While those technologies harness the communication potential of the changing media landscape and ad methods, it still includes real people to account for the human nuances of some industry-specific roles.
Meanwhile, recruitment agencies charge through the roof in commissions and fees for out-of-date methods.'
This paragraph appears under the subheading Technology has made recruiters redundant.
What does the author mean? What point is she trying to make? It's pure and unadulterated gobbledegook.
What pearls of wisdom does the author conclude her article with?

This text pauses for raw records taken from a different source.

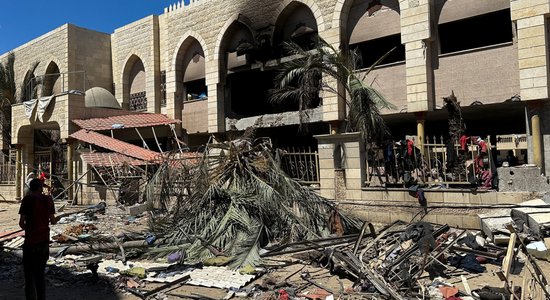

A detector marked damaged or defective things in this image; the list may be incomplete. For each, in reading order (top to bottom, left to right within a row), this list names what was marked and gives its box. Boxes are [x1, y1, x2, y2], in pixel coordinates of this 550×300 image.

broken window [354, 34, 406, 68]
broken window [438, 9, 516, 54]
damaged building [0, 0, 548, 225]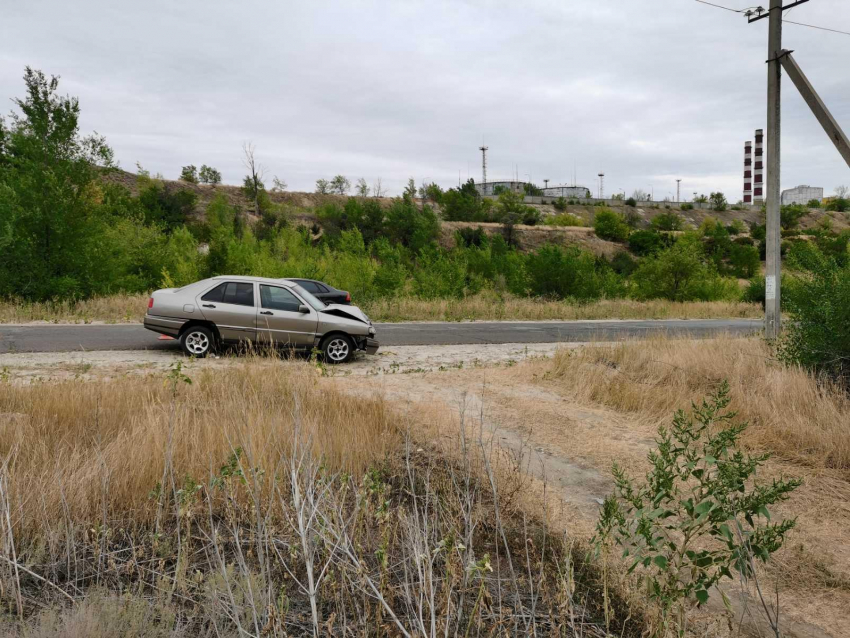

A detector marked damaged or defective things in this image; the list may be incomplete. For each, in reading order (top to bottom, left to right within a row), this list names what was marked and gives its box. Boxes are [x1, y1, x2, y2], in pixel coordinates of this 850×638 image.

damaged beige car [143, 276, 378, 364]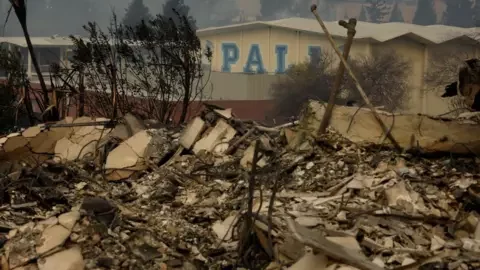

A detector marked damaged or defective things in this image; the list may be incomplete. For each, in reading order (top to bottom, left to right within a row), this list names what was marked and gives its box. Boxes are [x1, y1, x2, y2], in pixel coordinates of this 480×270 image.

burned rubble [0, 102, 478, 270]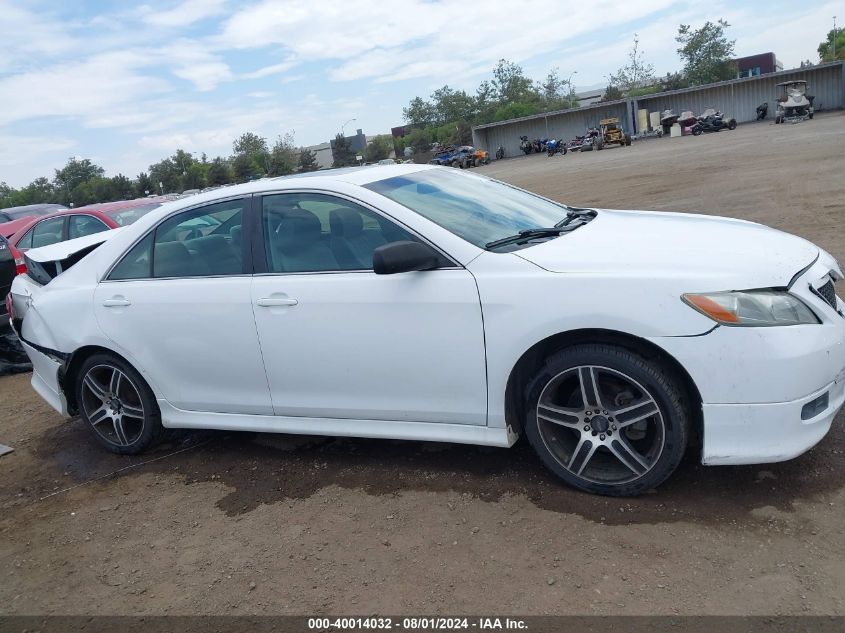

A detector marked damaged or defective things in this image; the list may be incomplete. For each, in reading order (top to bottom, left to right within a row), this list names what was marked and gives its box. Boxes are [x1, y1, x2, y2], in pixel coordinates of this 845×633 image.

damaged white car [8, 165, 844, 496]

'With today's available tools, it's easy to pinpoint and identify potential applicants who may be either active or passive job seekers. You can then target them with job ads so they can see the value in your company. Once they've applied, you can have them screened for basic and key skills, interviewed and then shortlisted.'
Yes, folks there you have it - the Great Leap Forward of the recruitment industry, according to entrepreneur Sharon Davies is......targeted job ads.
The death of the recruitment industry is based on: posting a targeted job ad and waiting for people to apply.
Wow. When we see such misleading, ignorant and, let me be frank, moronic articles coming from ‘entrepreneurs' attempting to build an offering in the recruitment marketplace, we gain an insight into the arrogance of such people who clearly think that all recruiters are lazy, unskilled and unethical.
No wonder the recruitment agency sector is thriving if these sorts of business owners are our competition.